Mutamenti di distrettuazione
Nel XVI secolo Salussola, dopo il periodo francese, appare soggetta al diretto dominio dei duchi di Savoia: del 1582 è un consegnamento della comunità di Salussola al commissario sabaudo per le extente della diocesi e prefettura di Vercelli (ASTo, Corte, Paesi per A e B, Salussola, n. 3).
   Il comune di Salussola è compreso oggi nella provincia di Biella, istituita di nuovo, a più di un secolo dalla sua abolizione, con DL 6 marzo 1992, n. 248. Nell’aprile del 1622, quando Carlo Emanuele I aveva ripartito gli Stati di qua dai monti in 12 province (Duboin, t. IX v. XI, p. 337 sgg.), Salussola era compresa in quella di Vercelli.

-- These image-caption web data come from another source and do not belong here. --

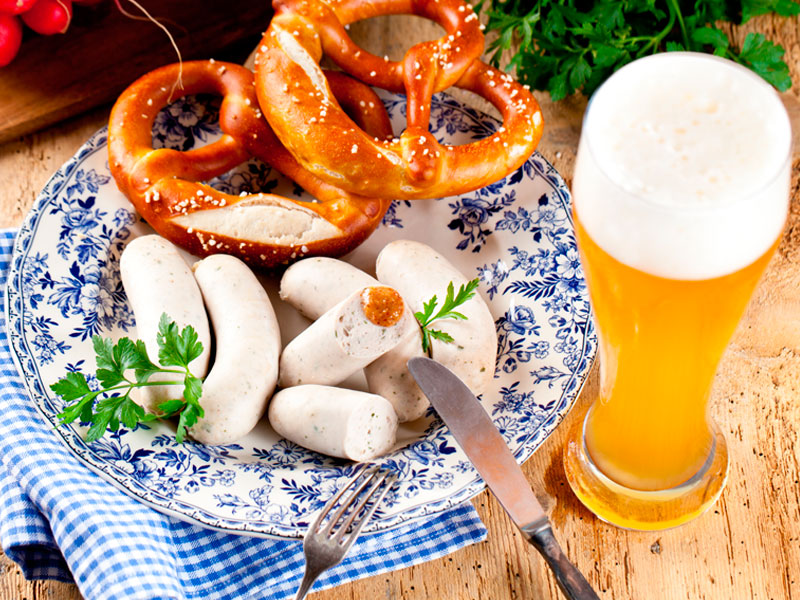 Weißwurst-Gedeck – mit Breze, Senf, und Weißbier Weißwurst-Gedeck – mit Breze, Senf, und Weißbier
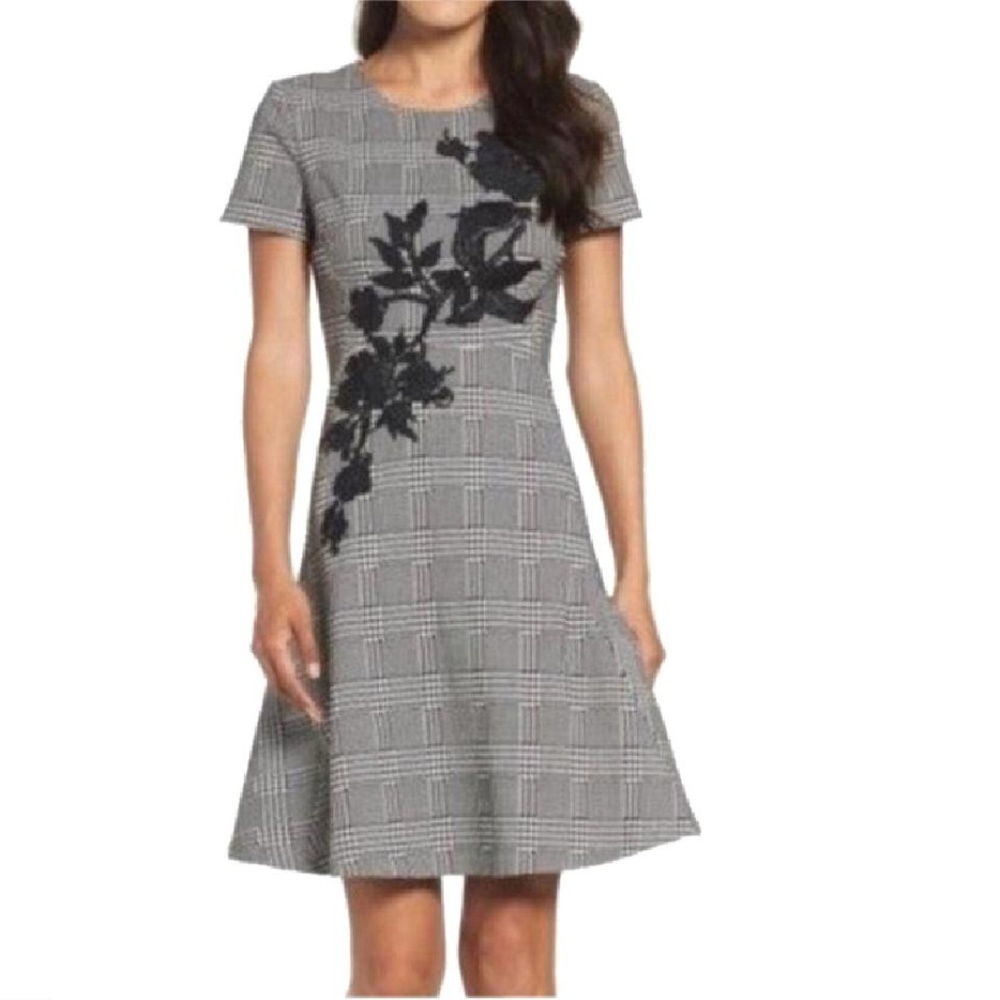 Professional and elegant Betsey Johnson dress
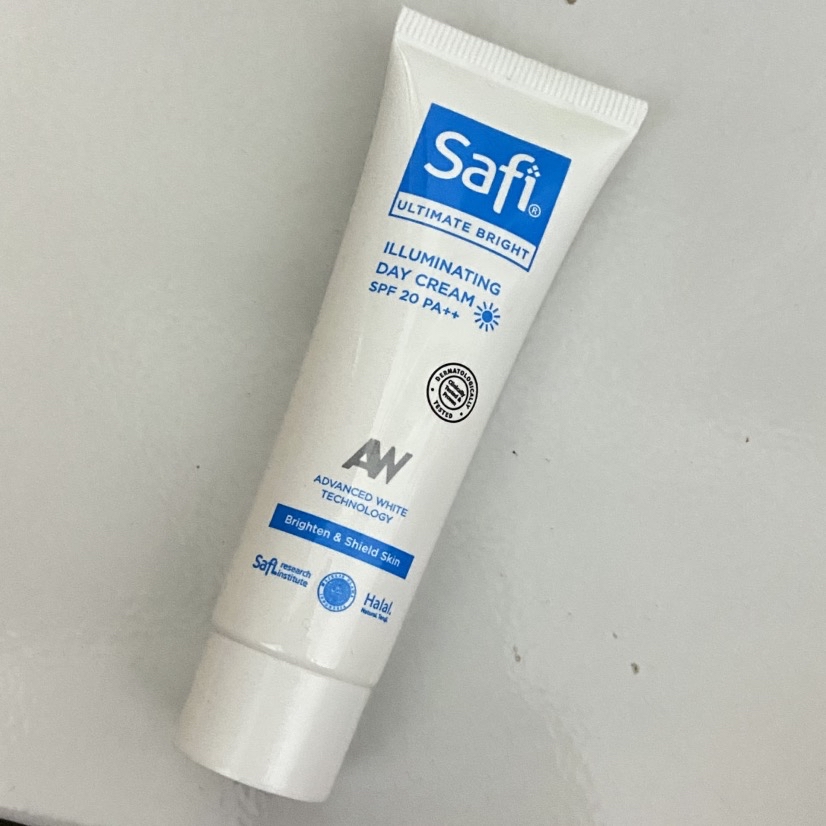 Ultimate Bright Illuminating Day Cream SPF 20 PA ++ imgfdn-07688506-12fa-48e7-bfc7-f002490d3071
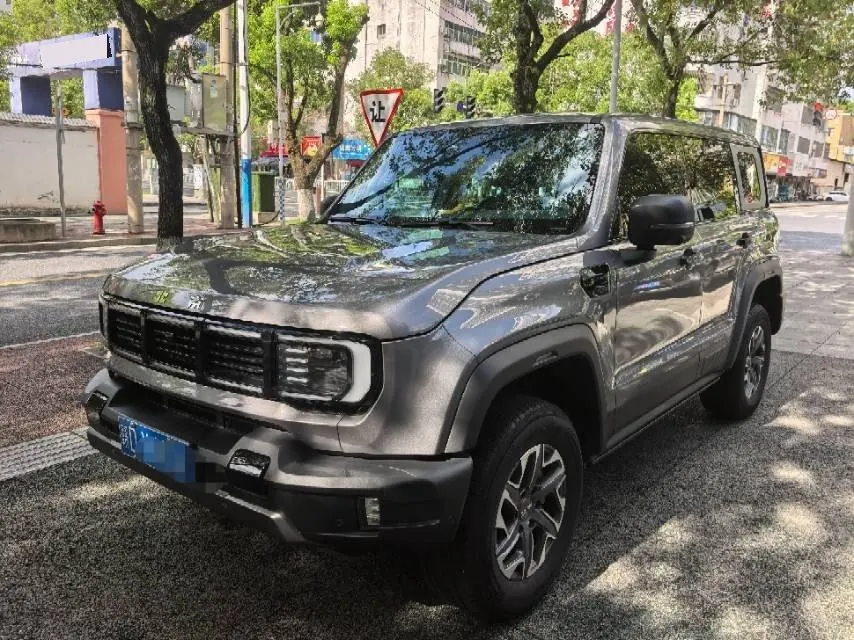 Открыть галерею: Beijing 2024 BJ40 2.0T City Hunter Edition Chivalrous Automatic Gear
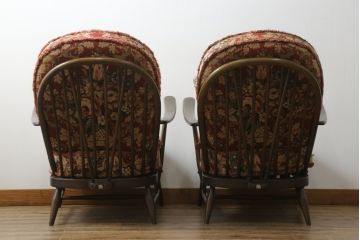 イギリスビンテージ　ERCOL(アーコール)　優雅でクラシカルな雰囲気を高める1人掛けソファ2脚セット(アームチェア、1Pソファ、一人掛け、椅子、イス、ヴィンテージ、英国)(R-069040)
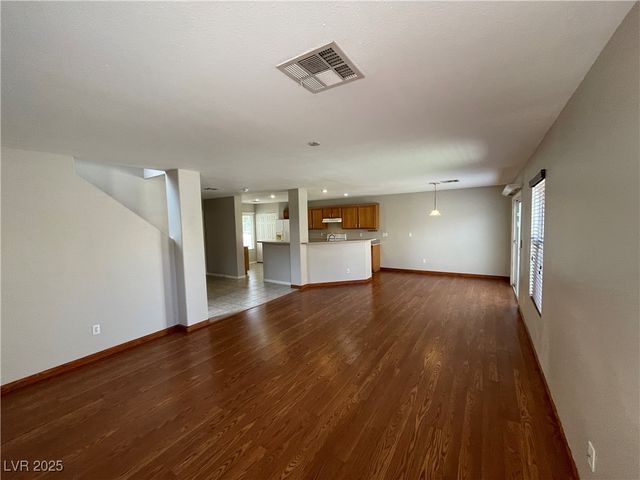 712 Salt Flats Circle, Henderson, NV 89011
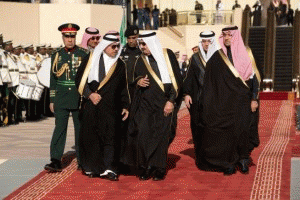 King Salman of Saudi Arabia and his entourage arrive to greet President Barack Obama and First Lady Michelle Obama at King Khalid International Airport in Riyadh, Saudi Arabia, Jan. 27, 2015.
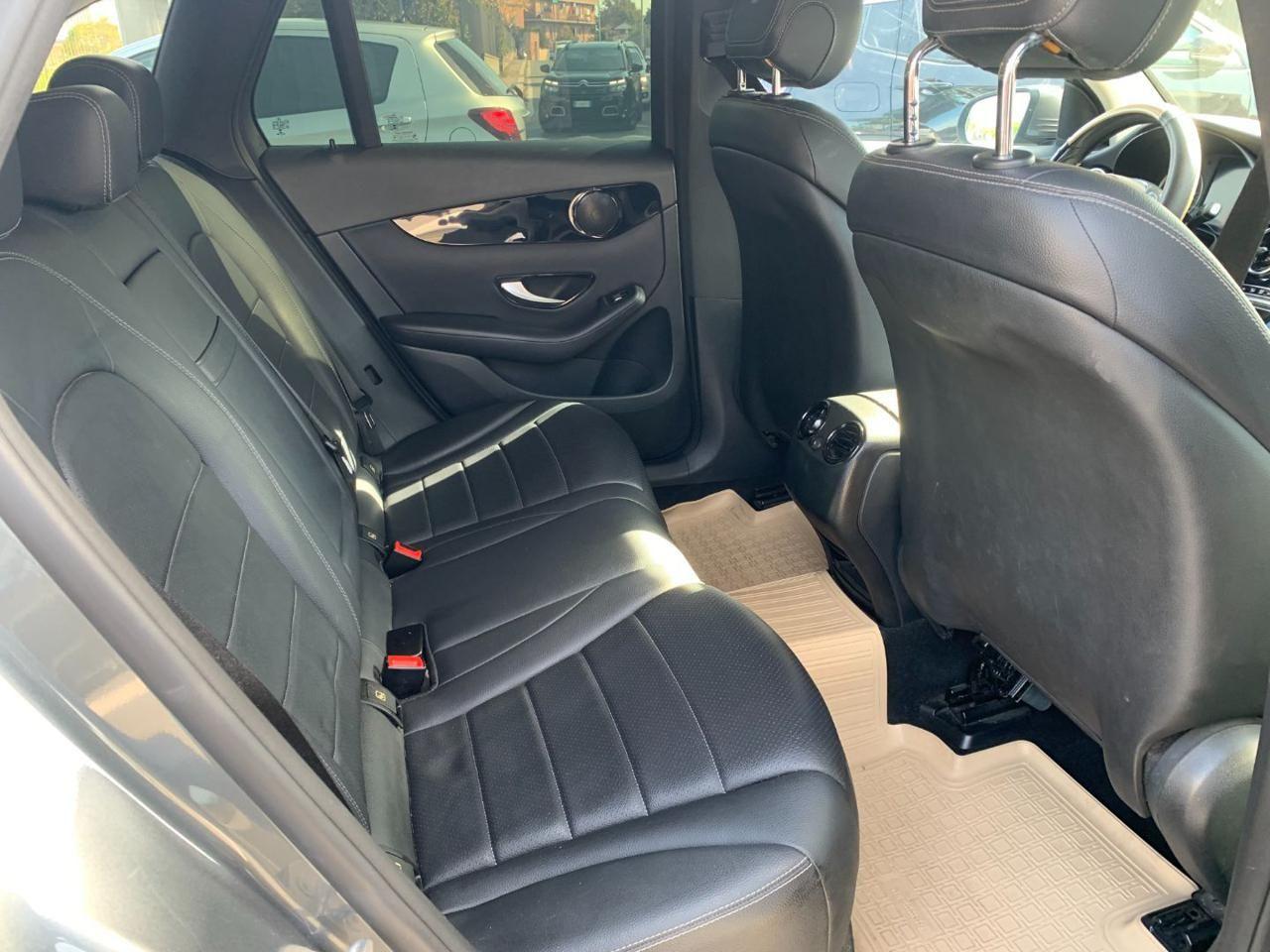 MERCEDES-BENZ GLC 220 d 4Matic Business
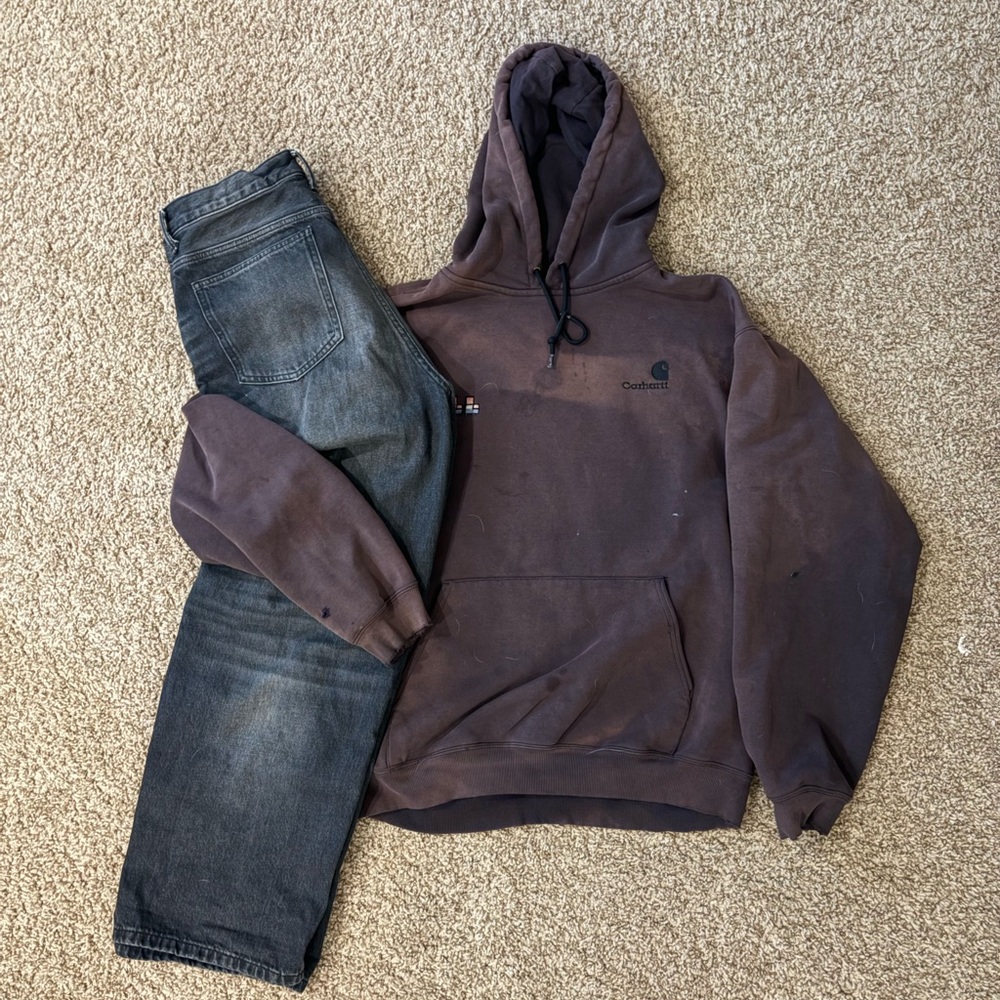 Vintage 1990’s baggy faded carhartt racing Collab sweatshirt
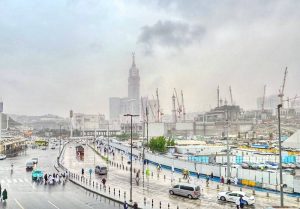 أمطار على مكة وجدة.. «الأرصاد» لـ«عكاظ»: تعليق الدراسة من اختصاص «التعليم»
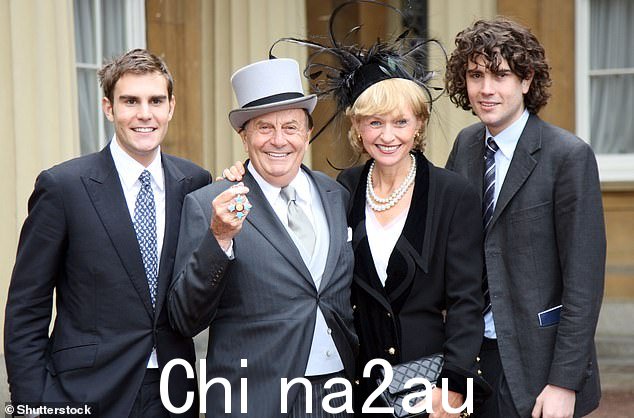 Barry Humphries 将他与 Lizzie Spender 的第四次婚姻描述为“非常幸运”。上图是喜剧演员与他的儿子奥斯卡和鲁珀特在白金汉宫举行的 2007 年 CBE 授勋仪式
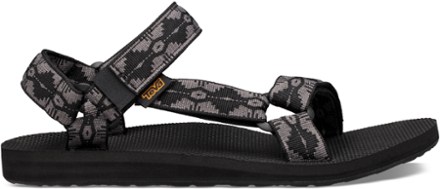 black teva flip flops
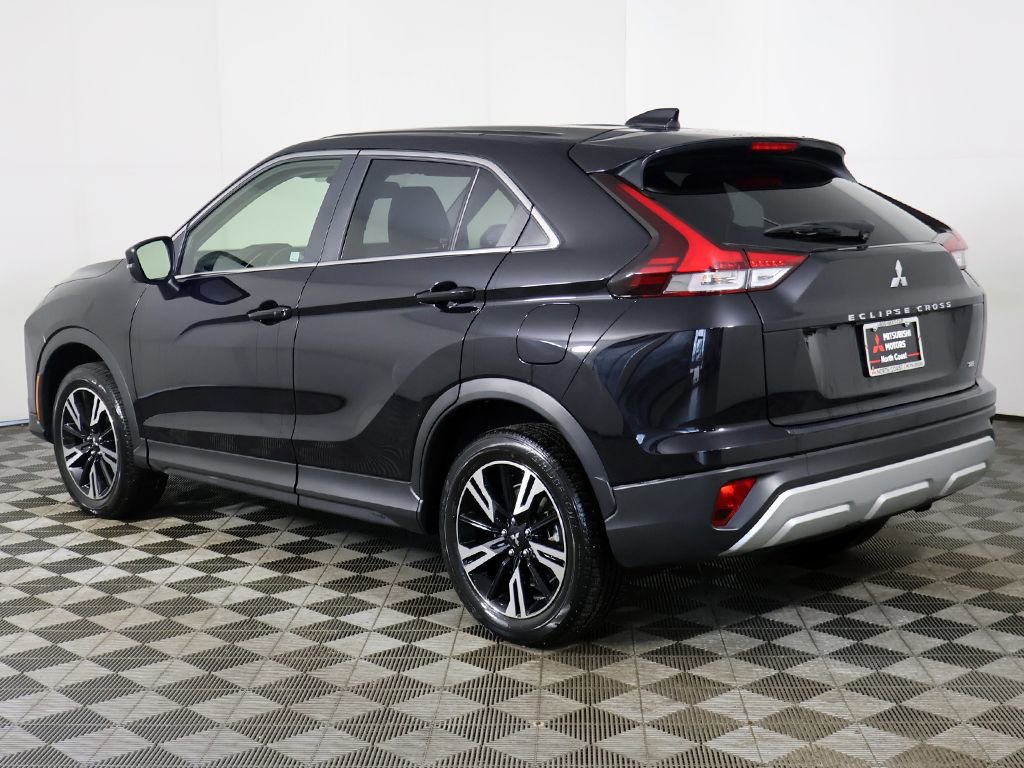 Used 2025 Mitsubishi Eclipse Cross SE image 9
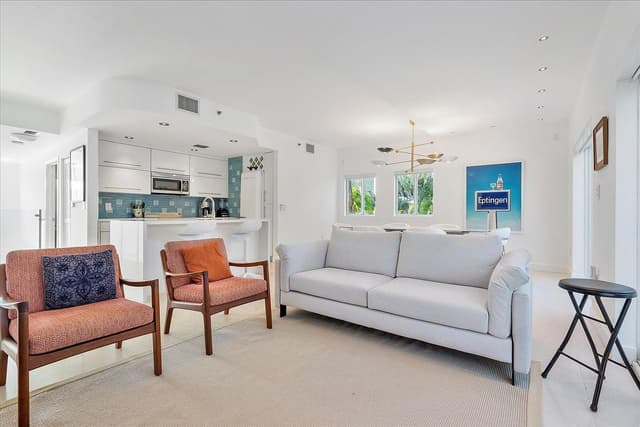 Image of Living space #2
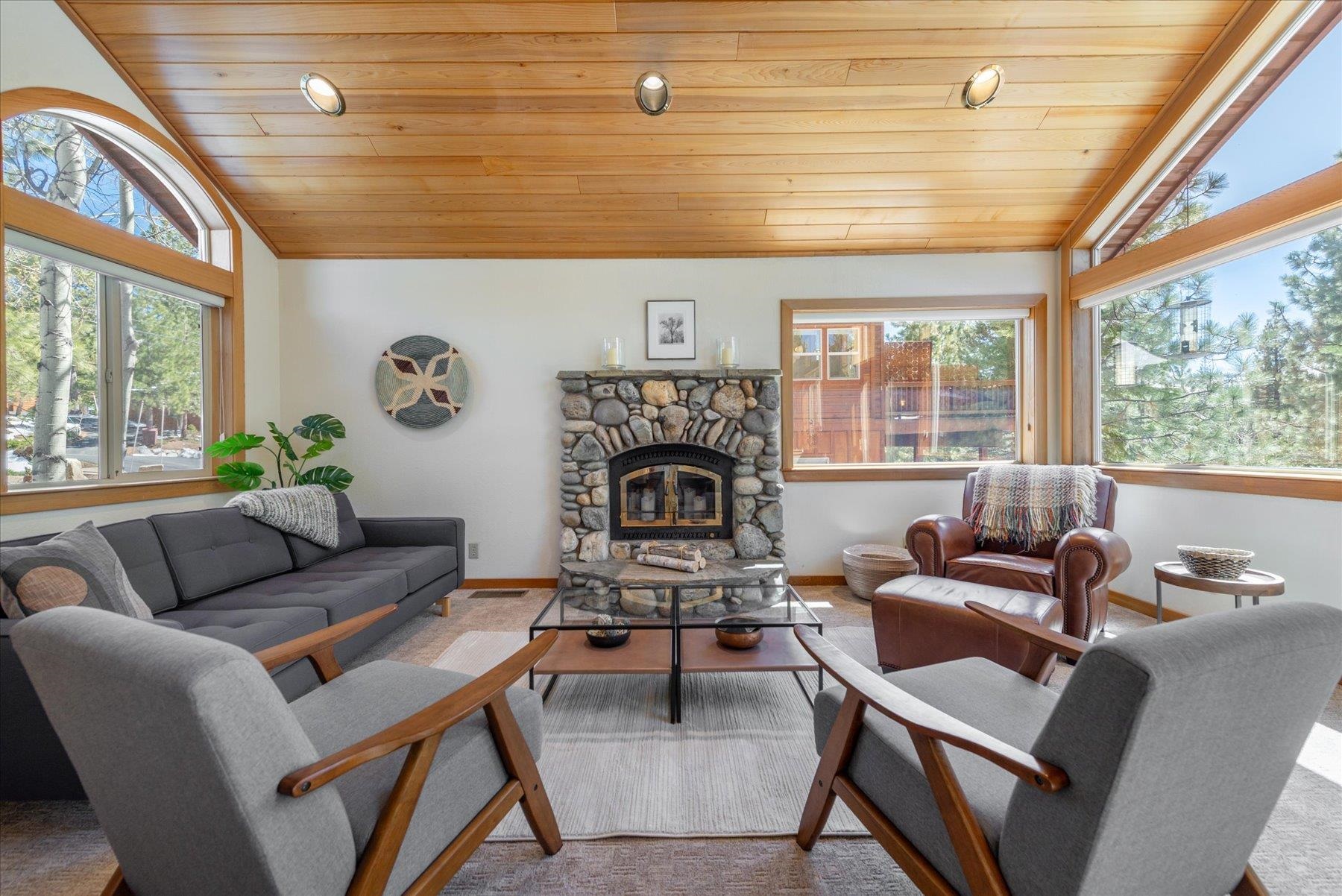 15284 Wolfgang Road Truckee, CA 96161 - Photo 7 of 28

Sembra che la provincia di Biella sia stata creata dallo stesso Carlo Emanuele I nel novembre 1626 e che comprendesse allora anche il capitanato di Santhià (Mullatera, p. 238). Certamente comprendeva Salussola e avrebbe continuato a comprenderla per tutto il Settecento e, dopo l’intermezzo francese, per parte dell’Ottocento, fino all’abolizione della provincia stessa, avvenuta nel 1859 in seguito alla promulgazione della cosiddetta “legge Rattazzi” (legge 23 ottobre 1859, n. 3702: cfr. Raccolta di leggi, pp. 1150-1233). Questa legge, all’art. 1 del titolo primo, stabiliva dividersi il Regno “in Provincie, Circondarii, Mandamenti e Comuni” secondo la tabella annessa alla legge: Salussola (che aveva allora 2.091 abitanti) era compresa nella Provincia di Novara, Circondario II di Biella, ed era a capo di un mandamento comprendente i comuni di Cerione, Magnano, Zimone (pp. 1219, 1222). La situazione circoscrizionale mutò ancora, semplificandosi notevolmente, con il RDL 2 gennaio 1927, n. 1: per restare a ciò che ci riguarda venne  istituita (art. 1) la provincia di Vercelli con capoluogo Vercelli, comprendente i comuni già costituenti i soppressi circondari di Vercelli, Biella e Varallo Sesia, più i comuni di Borgo Vercelli e Villata. Vennero poi soppresse tutte le sottoprefetture e quindi, di fatto, i mandamenti, ai quali la legge Rattazzi aveva preposto gli intendenti, sostituiti dai sottoprefetti con RD 9 ottobre 1861, n. 250.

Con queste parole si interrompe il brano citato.